Here are words I don't often get to type: There is good news from Washington.
On Thursday, about 70 members of Congress braved brutal heat to stand in the shadow of the Capitol and pledge their allegiance to work together amid a climate of hyperpartisanship.
They gathered under the banner of No Labels, a nonpartisan nonprofit that strives to remove compromise from the list of dirty words. When I participated in the group's launch 2 1/2 years ago, I joked that I had attended my first political protest, which was, appropriately, on a college campus (Columbia). But I didn't have to carry a sign, sleep in a tent, or get locked up.

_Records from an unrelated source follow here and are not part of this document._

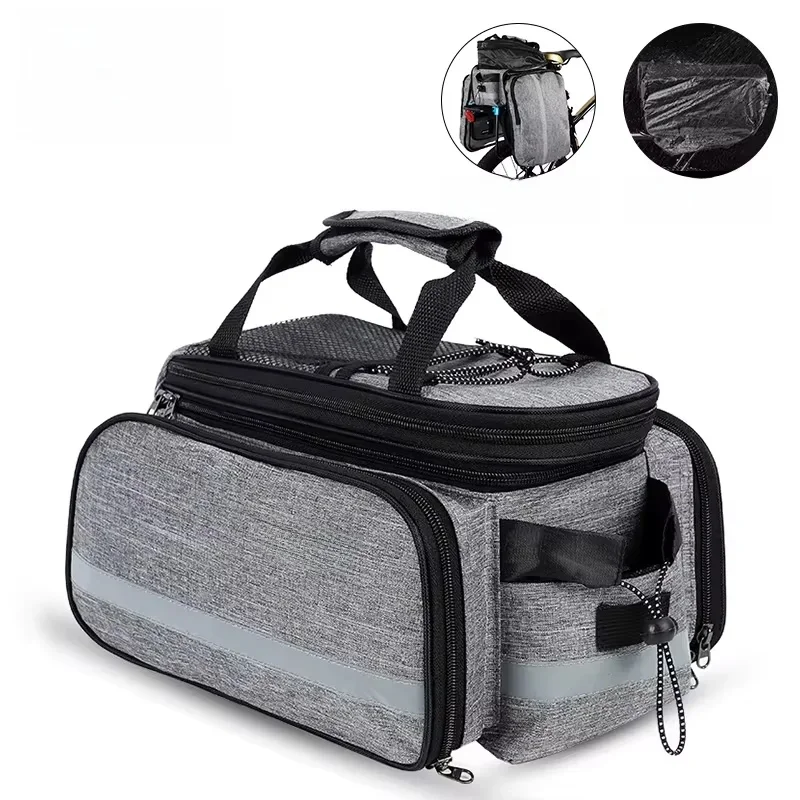 AliExpress West Biking WEST BIKING Bicycle Pannier Bags Waterproof Large Capacity Bike Trunk Bag 3 in 1 MTB Road Cycling Luggage Carrier Rear Seat Bags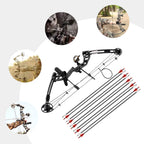 Compound Bow Arrow Set Right Hand Archery Compound Bows Draw Weight 30-55lbs,Adjustable for Adults and Beginners 310fps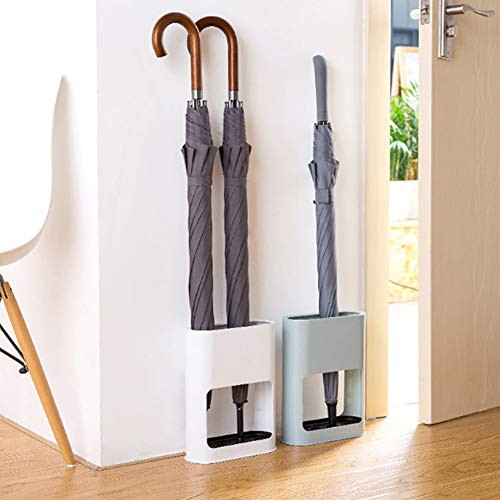 Ouken 1pc Umbrella Holder Multifunctional Umbrella Stand Modern Entryway Decor Plastic Umbrella Container Storage Cane Basket Umbrella Rack for H
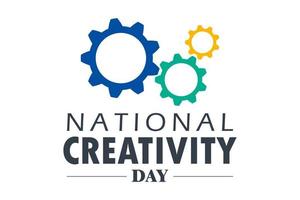 World Creativity Day Design suitable for poster, banner. vector Illustration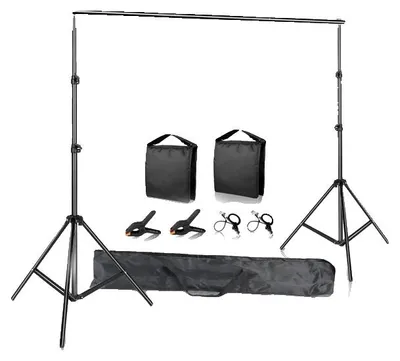 Produktbild von Fotografie-Unterstützungssystem, verstellbarer Hintergrund, Chromakey-Grünleinwand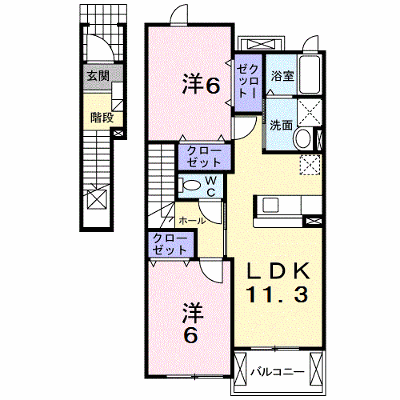 ブリランテ 202【管理NO：1-014865601-02020】 ★家具家電は申し込み後に搬入します★ ★2026年09月中旬入居可能★の物件画像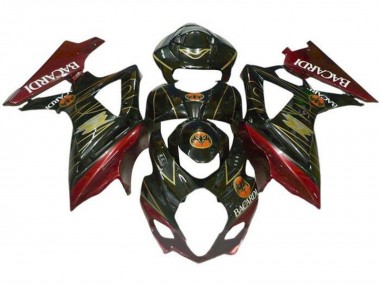 Compra Carenados Moto Suzuki GSXR 1000 2007-2008 - Negro Rojo Oro BACARDI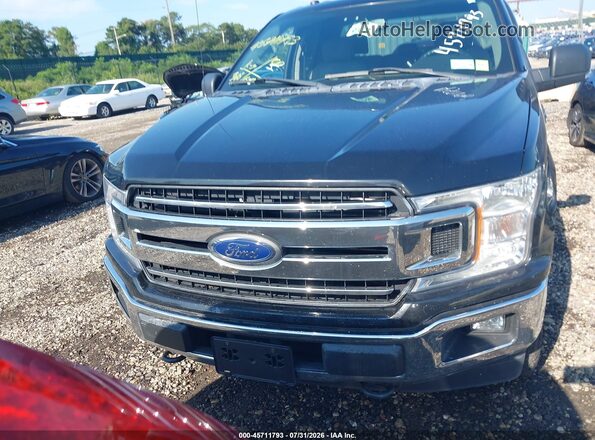 1FTEX1EP3JFB05725 2018 FORD F150 Black Vista del cuadro de instrumentos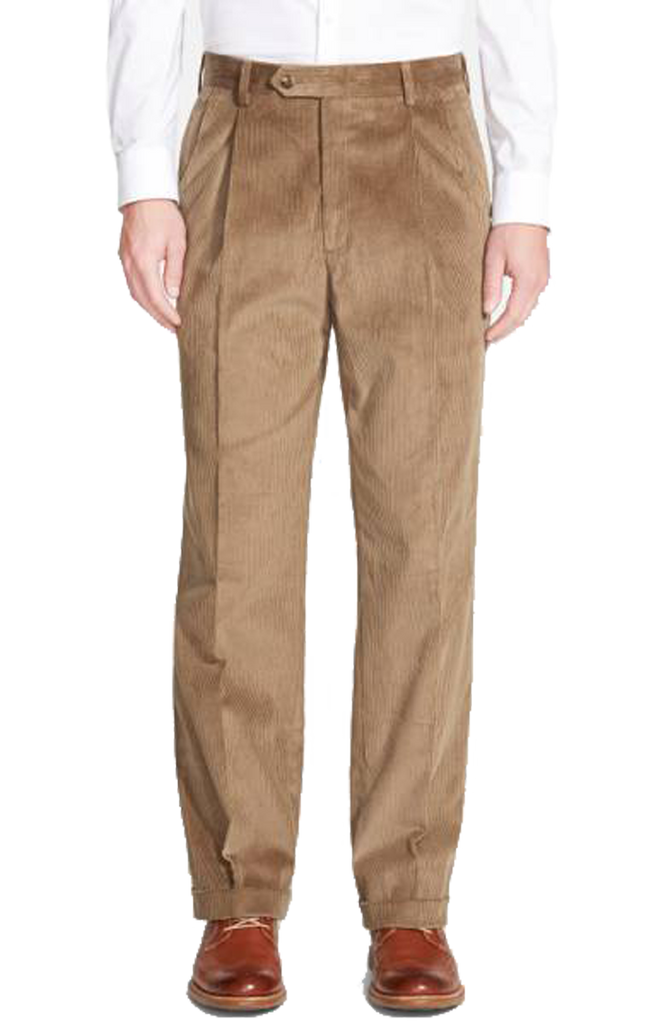 Buy IDEALSANXUN Mens Corduroy Pants Pleated Front Straight Leg Pant TrouserDark  Coffee 44 at Amazonin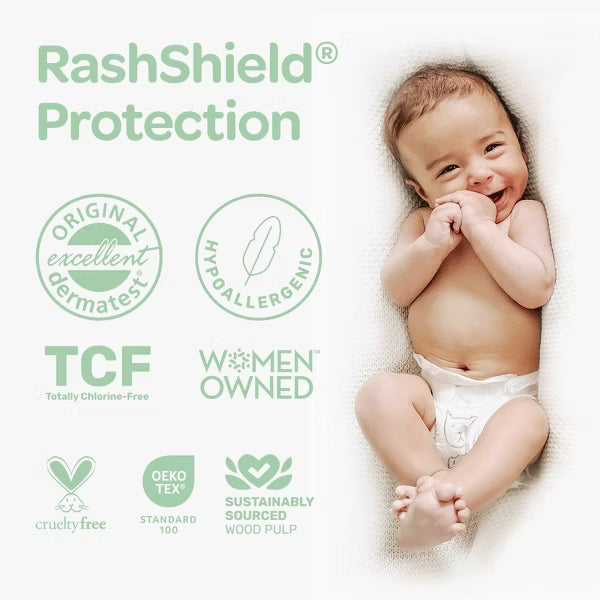 Parasol Chlorine-Free Diapers with Rash Shield Protection - Size 5, Count 44
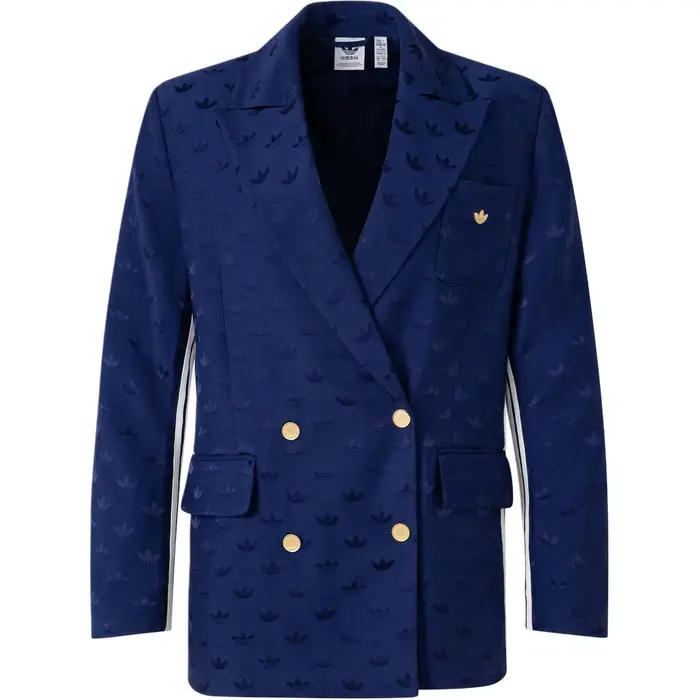 Originals Unisex Blazer Casual Retro Jacquard Larga Vestibilità Business Blu Scuro IX0935 XL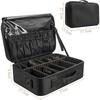  Makeup Bag Make up Case: Large Travel Cosmetic Case Organiser - Professional Portable Makeup Storage Bags for Toiletry - Make Up 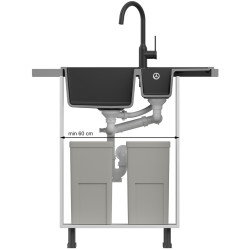 Chiuveta Quadron Morgan 156 (Pure Carbon) Thumb
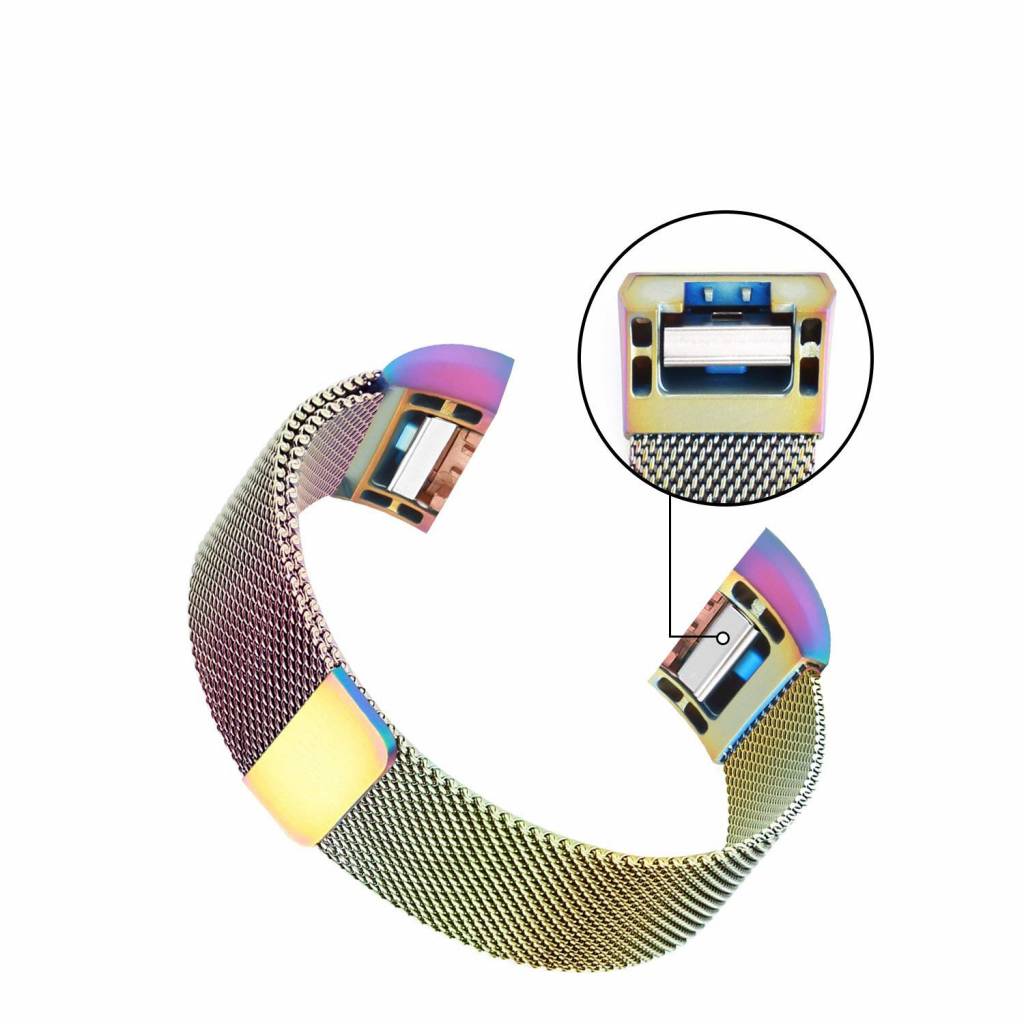 Fitbit Charge 2 milanese band - colorful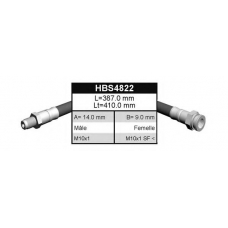 HBS4822 QUINTON HAZELL Тормозной шланг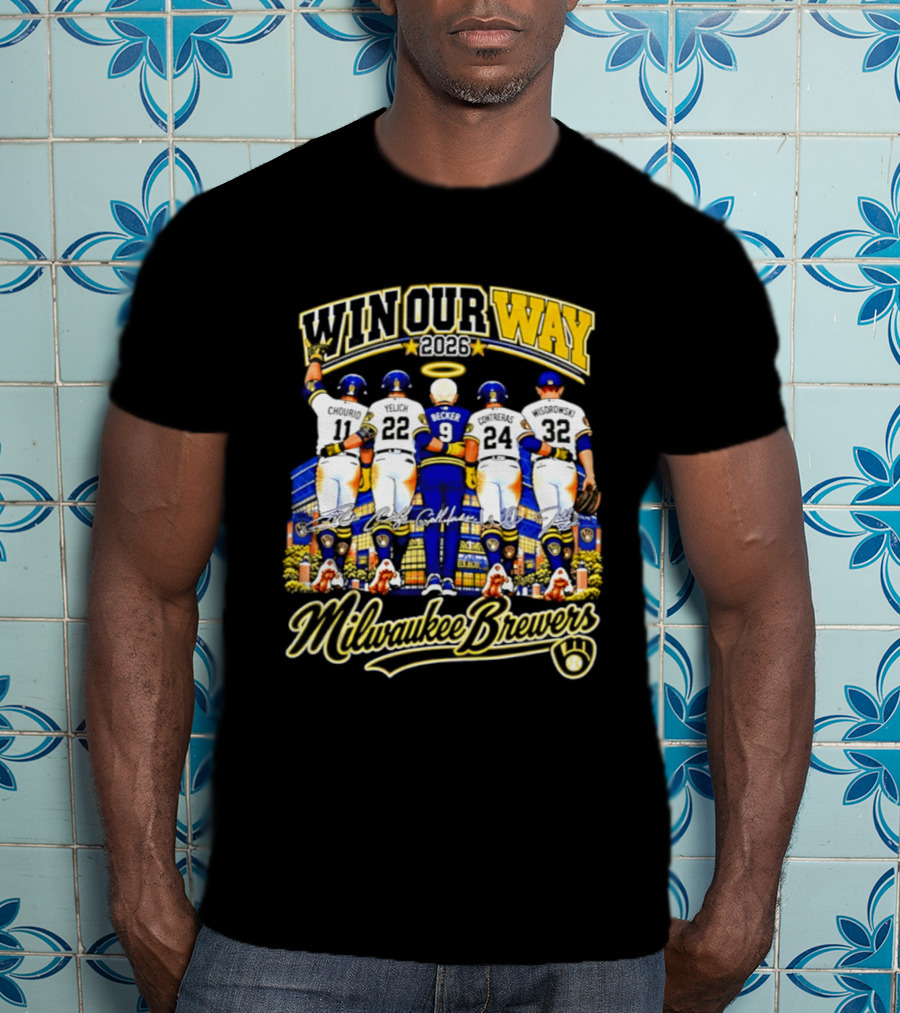 Milwaukee Brewers Win Our Way 2026 Signatures Beck 9 T-Shirt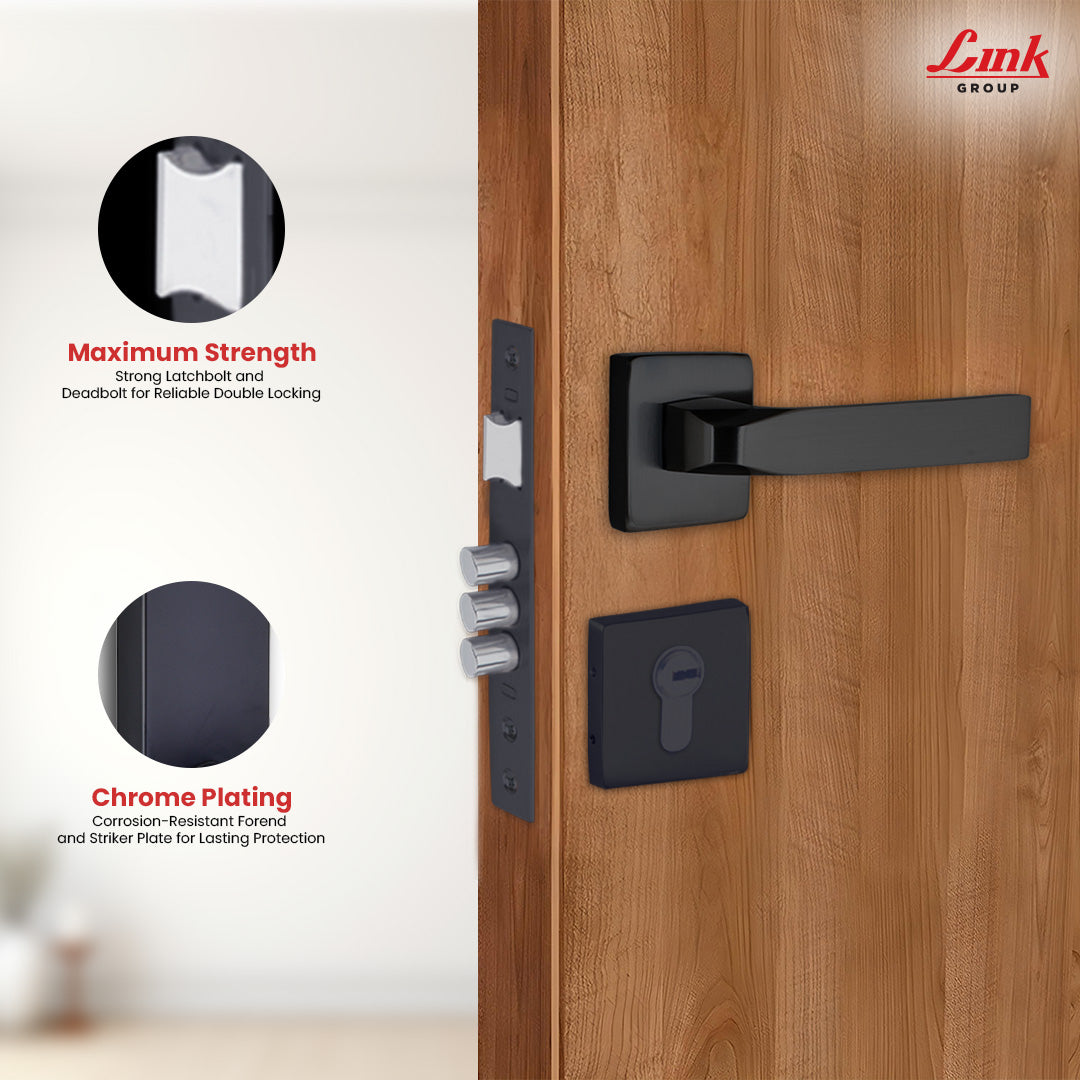 Docoo Link Mortise Handle Fixio ROSE OSK BLACK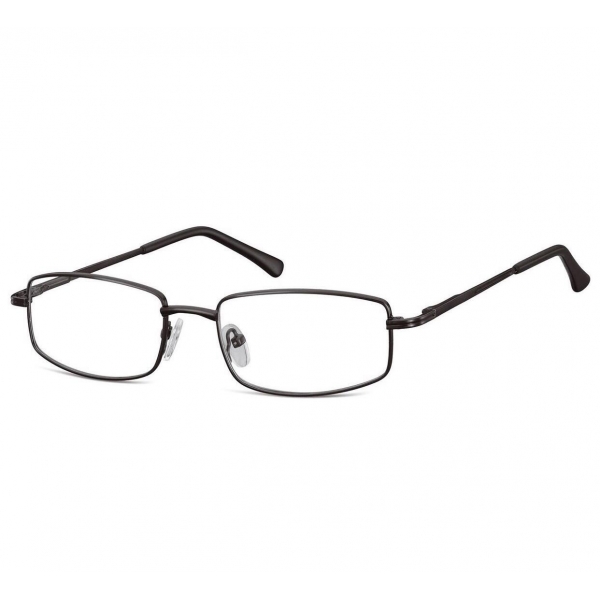Oprawki korekcyjne zerówki okulary metalowe 799A czarne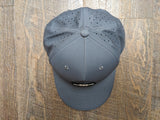 Snapback: Curved Bill, Pinched Front, Laser Perforated Performance Trucker (Charcoal)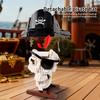Pirate Skull MOC Blocks Skeleton Model Creative Building Toys for Boys Kids Adult Gifts 1100+Pcs DIY Bricks Sets Room Ornament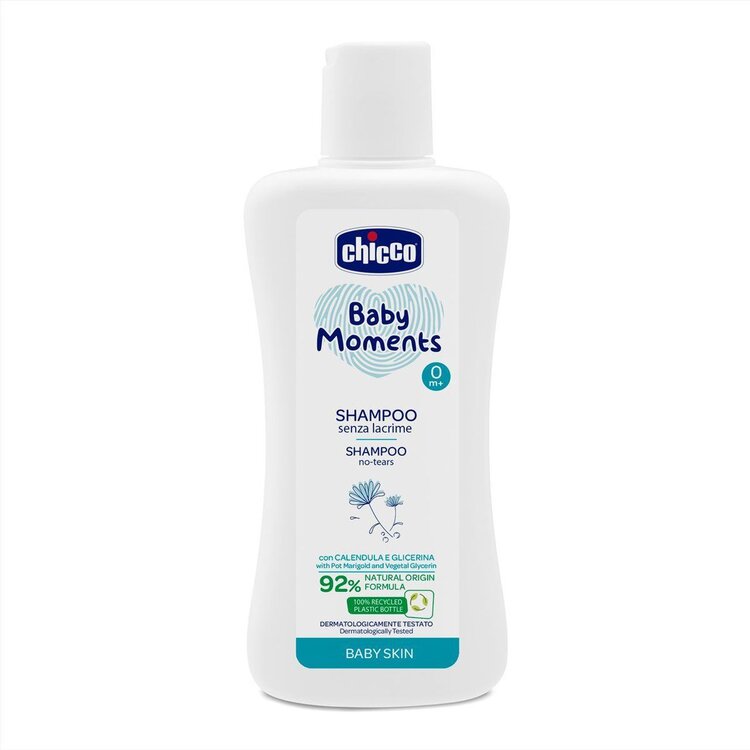 CHICCO Šampon na vlasy Baby Moments 92 % přírodních složek 200 ml Chicco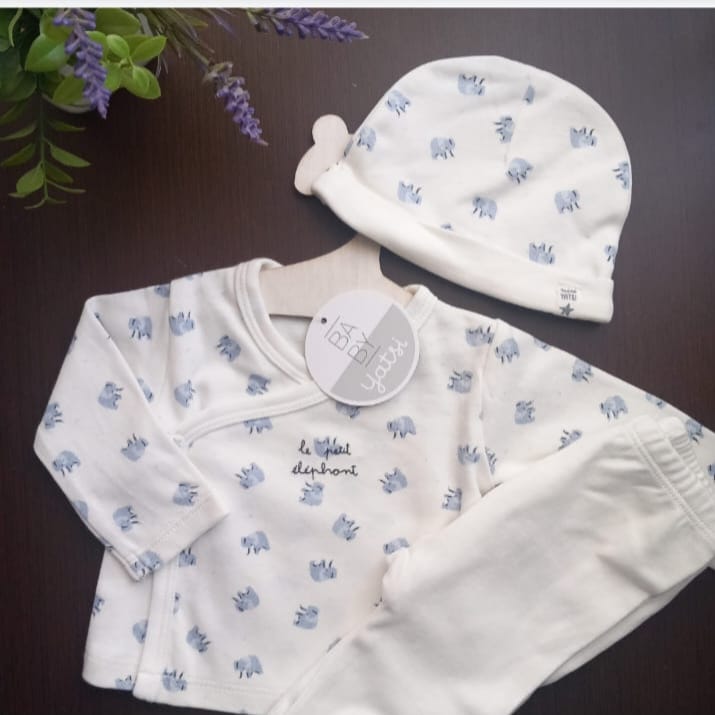 Conjunto primera puestas Yasti - Talla 1 mes - Little Abril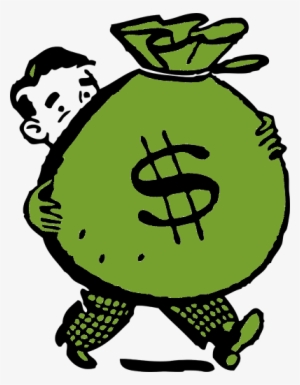 Cartoon Man Holding Money Bag Greendark Cove Street - Money Bag #3077286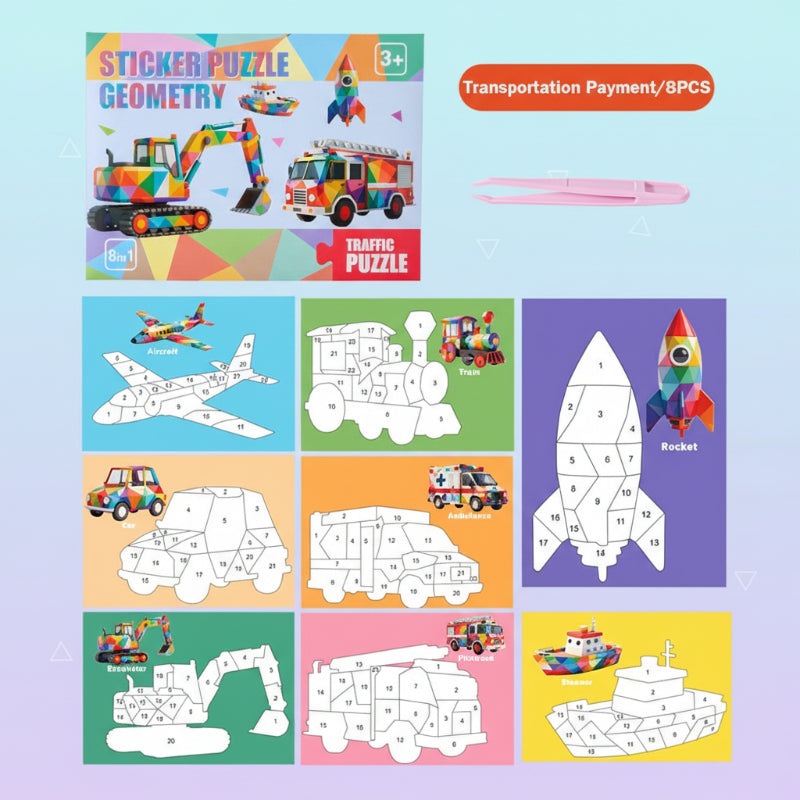 3D Sticker Puzzle – Kreatywne i edukacyjne – geometryczna układanka 3D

It was a demonstration against gridlock caused by rigid ideology and party identification, and the headliners that day included New York City Mayor Michael Bloomberg, an independent; then-Los Angeles Mayor Antonio Villaraigosa, a Democrat; Sens. Kirsten Gillibrand (D., N.Y.) and Joe Manchin (D., W.Va.); Newark Mayor Cory Booker, a Democrat; and Charlie Crist, at the time Florida's departing governor, a Republican-turned-independent. Their desire to reestablish consensus-building was not well-received among those whose livelihood has depended on the continuation of a divide. The cynicism came from the left and right. Frank Rich wrote in the New York Times:
“The notion that civility and nominal bipartisanship would accomplish any of the heavy lifting required to rebuild America is childish magical thinking and, worse, a mindless distraction from the real work before the nation.”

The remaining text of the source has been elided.